→ WORK REQUEST:
Repeat the data as given. Images do not go in the copy.

→ PROVIDED MATERIAL:

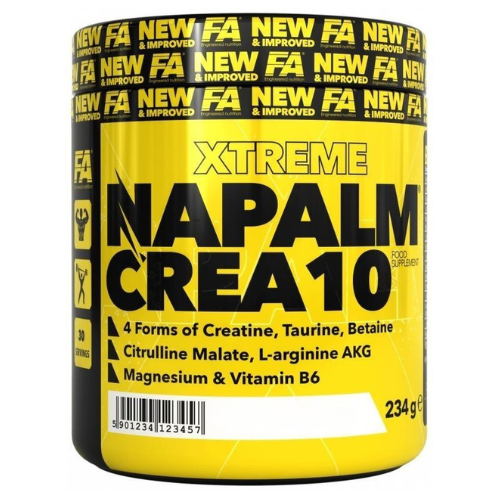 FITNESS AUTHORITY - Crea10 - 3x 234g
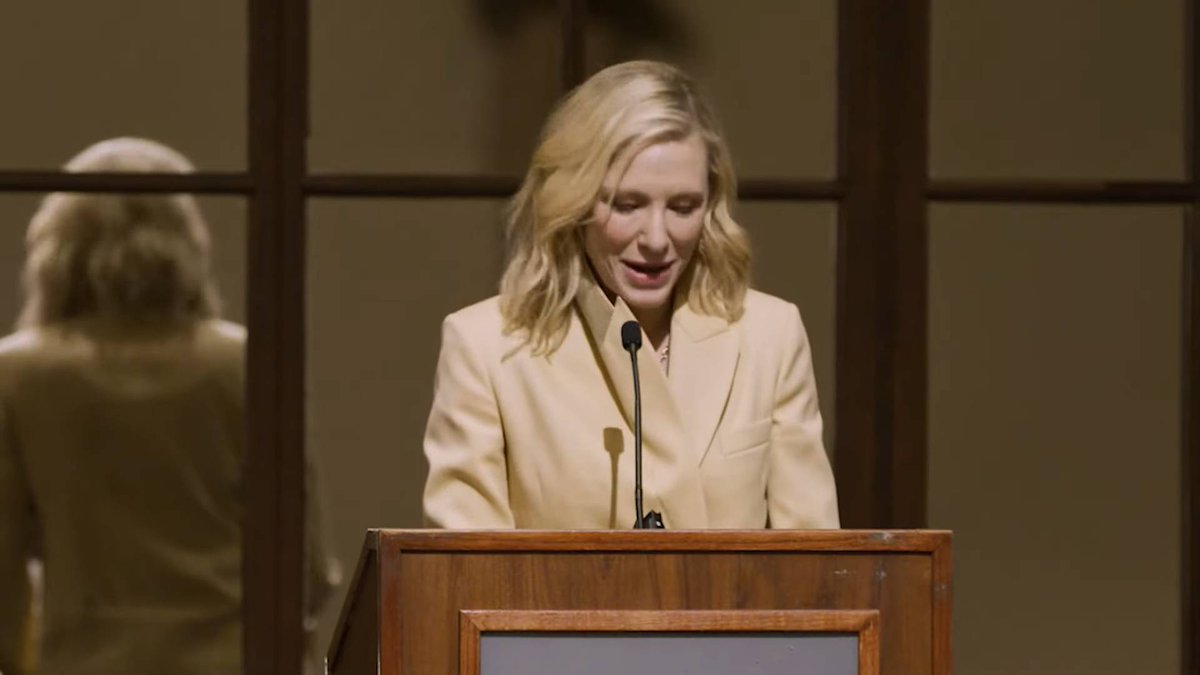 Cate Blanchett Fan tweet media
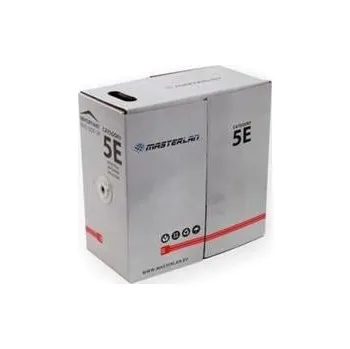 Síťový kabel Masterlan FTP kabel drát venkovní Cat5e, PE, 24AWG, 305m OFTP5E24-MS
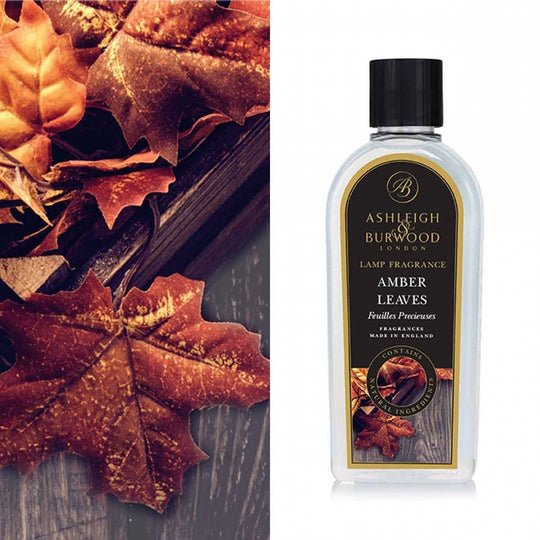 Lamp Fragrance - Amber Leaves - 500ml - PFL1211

→ ANSWER FOR THIS EXERCISE:
 FITNESS AUTHORITY - Crea10 - 3x 234g
 Cate Blanchett Fan tweet media
 Síťový kabel Masterlan FTP kabel drát venkovní Cat5e, PE, 24AWG, 305m OFTP5E24-MS
 Lamp Fragrance - Amber Leaves - 500ml - PFL1211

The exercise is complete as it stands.